In response to my earlier post on the President’s take on the Declaration of Independence, my friend Garrett Epps wrote an eloquent response (I reprint it with his permission):

As a longtime student of Jefferson, I think it is perfectly legitimate for libertarians to relate to the parts of his philosophy that they find congenial,. But that isn’t Jefferson; it’s a version of this mercurial, self-contradictory man who was, in so many areas, a radical reformer and not always in the direction of less government as we would understand it. So proclaiming one contemporary side’s version of the Declaration legitimate, and the other’s illegitimate, is profoundly ahistorical. The words were written at a different time; they do not speak perspicuously to our time.
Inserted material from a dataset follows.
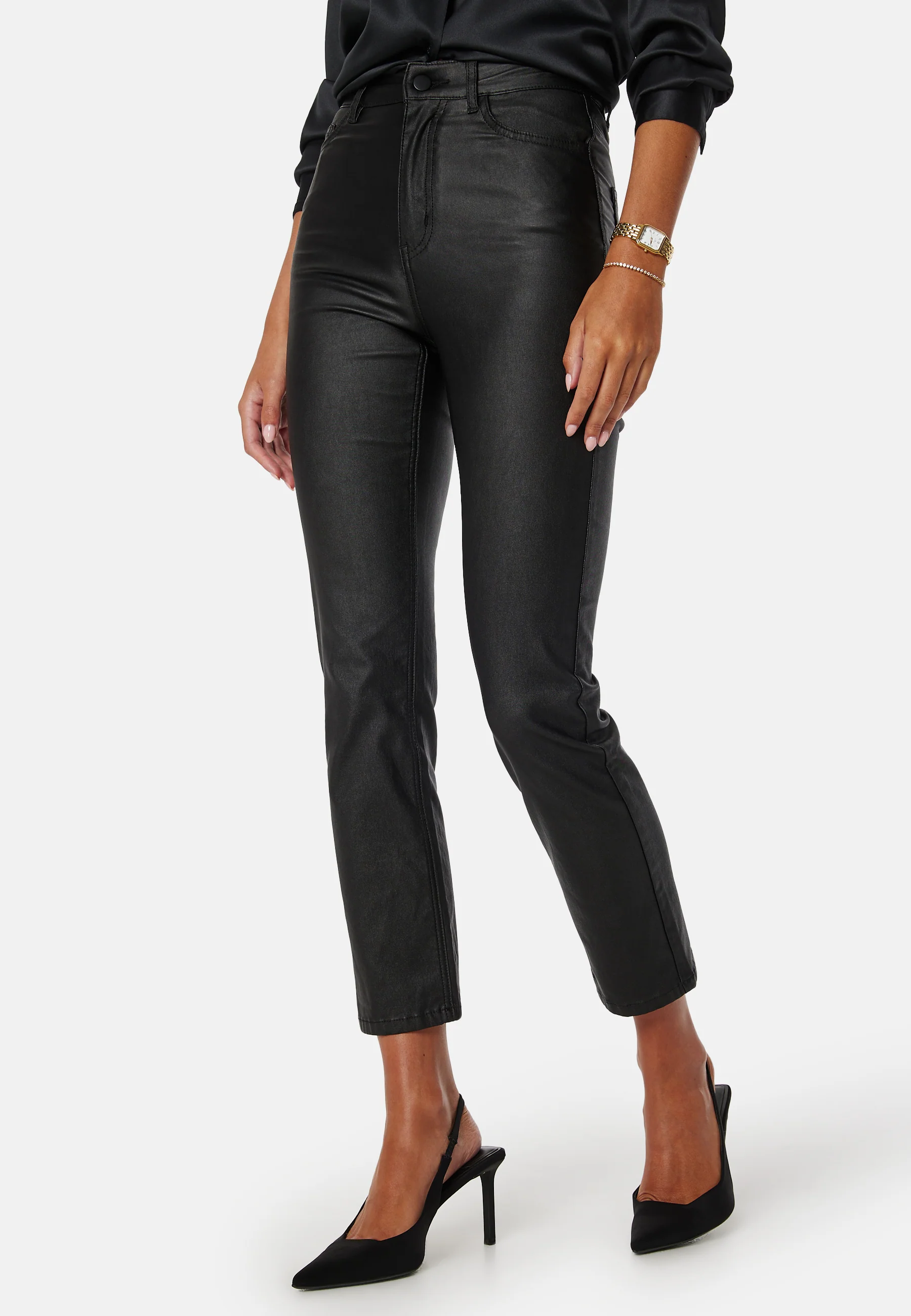 Straight Leg Coated Jeans - Image 2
And throughout our history, Americans of many stripes have taken inspiration from the Declaration, a common treasure that is the property of none.
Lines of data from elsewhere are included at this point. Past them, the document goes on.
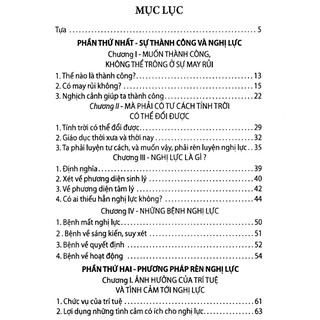 Sách - Rèn Nghị Lực Để Lập Thân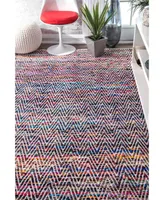 nuLoom Rochell VIAG01B Indigo 4' x 6' Area Rug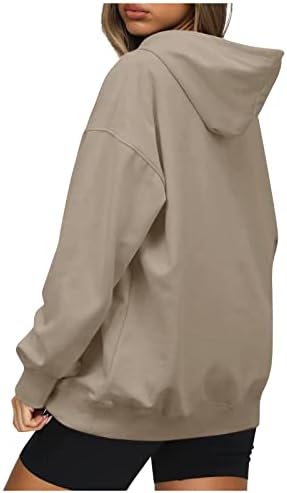 Xklvmh capuz para mulheres moda feminina diariamente colorida moldura de cor com capuz de manga longa com capuz de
I wrote in response: And this Garrett, is why you are one of my favorite legal writers. I agree with everything you said. I don’t think Obama’s view is any more or less legitimate than that of Lysander Spooner who looked to the Declaration as proof that slavery was unconstitutional, or that of Susan B. Anthony who looked to the Declaration as proof that women could not be treated differently. I also agree that Jefferson was mercurial, if not schizophrenic with his views. Many of his views on agrarian property law would feel much more at home with Marx than Madison. Likewise, Christians cite the views of a atheist/agnostic person far too often as proof of a Christian ethos in our Republic (it said Creator, not God). Far too many people have adopted his views to fit various regimes. No one has a monopoly on Jefferson. My point focused on the “life, liberty, and pursuit of happiness” phrase, a bit I have studied for some time. It is not coincidence that Jefferson omitted Property from Locke’s trio. I have seen varying explanations, though my favorite is that Property is not inalienable (in fact, property is quite alienable). That being said, “life, liberty, and happiness” had a certain meaning in 1776, deriving from the liberal enlightenment tradition. George Mason used similar phrasing in the Virginia Declaration of Rights. To the extent that we take the words for what they meant when written, the progressive approach takes it in a different direction. To the extent that we take the words as broad principles that are aspirational (and that is a perfectly reasonable thing to do), the progressive approach is just fine.